YOUNGSTOWN — Though there are still no confirmed cases of COVID-19 — also called the coronavirus — in Ohio, local health officials are still on alert, coordinating with health providers, public schools and first responders on preparedness.
Ryan Tekac, Mahoning County health commissioner, on Monday only had time to speak briefly with Mahoning Matters about local response to the virus outbreak — which has sickened more than 89,000 people worldwide and killed more than 3,000, six of whom lived on the U.S. West Coast — before taking another of the department’s regular conference calls with the U.S. Centers for Disease Control and Prevention.
Since January, when the World Health Organization declared the outbreak an international public health emergency, Mahoning County Public Health’s nursing division has been in “constant contact” with the Ohio Department of Health, Tekac said.
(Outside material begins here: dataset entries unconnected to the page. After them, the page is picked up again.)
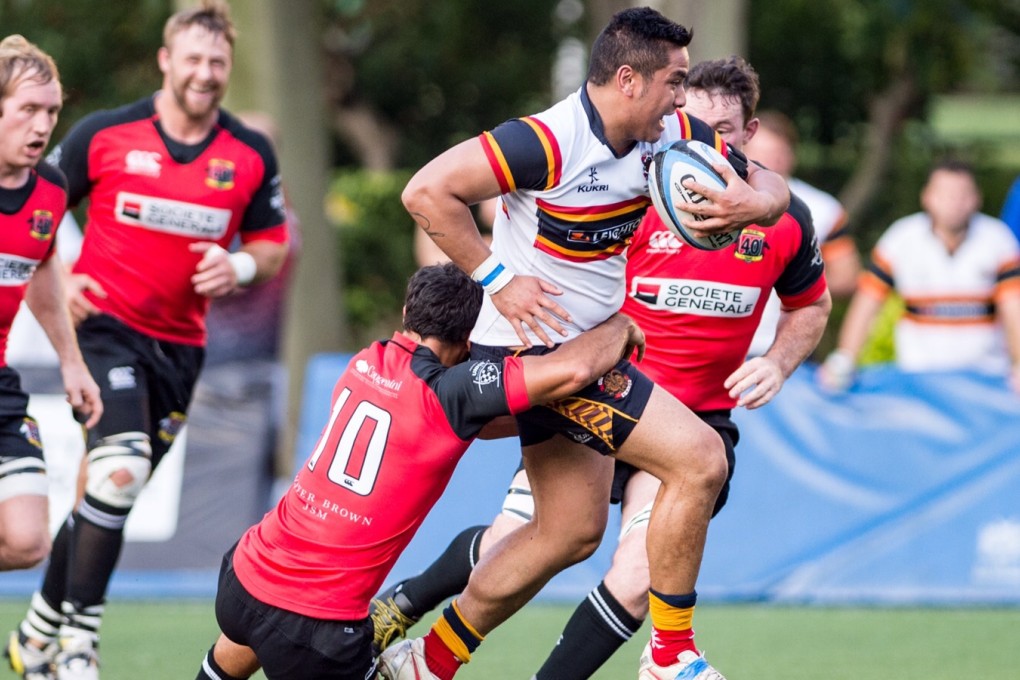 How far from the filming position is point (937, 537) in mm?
8336

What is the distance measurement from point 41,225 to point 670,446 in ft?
8.23

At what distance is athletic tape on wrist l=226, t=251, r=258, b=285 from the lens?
643 centimetres

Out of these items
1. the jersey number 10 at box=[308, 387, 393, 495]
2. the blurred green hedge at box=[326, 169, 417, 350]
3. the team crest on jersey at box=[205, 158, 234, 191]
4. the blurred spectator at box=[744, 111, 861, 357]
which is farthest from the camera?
the blurred green hedge at box=[326, 169, 417, 350]

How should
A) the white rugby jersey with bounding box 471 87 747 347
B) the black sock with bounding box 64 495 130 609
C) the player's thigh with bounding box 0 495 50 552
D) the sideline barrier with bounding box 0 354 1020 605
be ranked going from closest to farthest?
the white rugby jersey with bounding box 471 87 747 347
the player's thigh with bounding box 0 495 50 552
the black sock with bounding box 64 495 130 609
the sideline barrier with bounding box 0 354 1020 605

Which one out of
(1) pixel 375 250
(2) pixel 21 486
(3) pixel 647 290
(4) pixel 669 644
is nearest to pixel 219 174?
(2) pixel 21 486

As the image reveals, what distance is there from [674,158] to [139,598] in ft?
16.7

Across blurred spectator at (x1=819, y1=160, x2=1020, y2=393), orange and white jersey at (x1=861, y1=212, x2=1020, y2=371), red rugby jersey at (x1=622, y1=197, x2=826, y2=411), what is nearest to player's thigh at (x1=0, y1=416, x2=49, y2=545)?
red rugby jersey at (x1=622, y1=197, x2=826, y2=411)

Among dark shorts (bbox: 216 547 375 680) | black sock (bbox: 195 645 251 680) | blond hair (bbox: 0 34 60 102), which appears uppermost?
blond hair (bbox: 0 34 60 102)

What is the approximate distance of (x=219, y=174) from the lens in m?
6.50

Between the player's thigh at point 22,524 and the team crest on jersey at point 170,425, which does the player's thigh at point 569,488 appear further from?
the team crest on jersey at point 170,425

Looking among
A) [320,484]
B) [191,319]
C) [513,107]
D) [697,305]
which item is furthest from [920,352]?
[513,107]

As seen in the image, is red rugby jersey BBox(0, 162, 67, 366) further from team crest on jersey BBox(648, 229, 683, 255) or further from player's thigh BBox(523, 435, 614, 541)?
team crest on jersey BBox(648, 229, 683, 255)

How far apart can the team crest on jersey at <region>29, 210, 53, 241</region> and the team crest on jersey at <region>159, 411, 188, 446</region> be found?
111 centimetres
The Mahoning County Health Care Coalition, comprised of dozens of private health providers and public entities like Mercy Health and Youngstown State University, met Monday morning to receive the latest information on the virus and how to prepare for a potential local outbreak, Tekac said.
The department is directing those officials and local residents who want to know more to the department’s website, MahoningHealth.org, which contains links to the CDC website, as information about the virus is “ever-changing,” Tekac said.
Next week, Susan Kovach, the department’s deputy director of community health, is set to meet with county school officials to discuss contingencies in the event of an outbreak, Tekac said.
Tekac reinforced the CDC’s hygiene recommendations to guard against the highly contagious illness.
“It’s not a time to panic. It’s a time to just be aware and be cautious and to start practicing some of these tips,” he said.
He reminded that influenza has been far more deadly this season, killing about 16,000 people to-date.
Some of the 75,000 coronavirus testing kits being provided by the U.S. Department of Health and Human Services arrived in the state Monday, meaning state labs will soon be able to test for the virus. Currently, no lab in Ohio can test for the virus, meaning swab-test samples from suspected cases must be sent to a CDC lab in Atlanta — a process that can take up to 72 hours for results, said Melanie Amato, Ohio Department of Health spokesperson.
These kits must still be validated before in-state testing can begin, she said.
“We hope to have [the kits] up and running later this week or early next week,” Amato said.
The department in January categorized coronavirus as a “Class A” disease, requiring suspected cases to be immediately reported to the state.
All subjects in the state’s seven suspected cases of coronavirus have since tested negative for the disease, Amato said.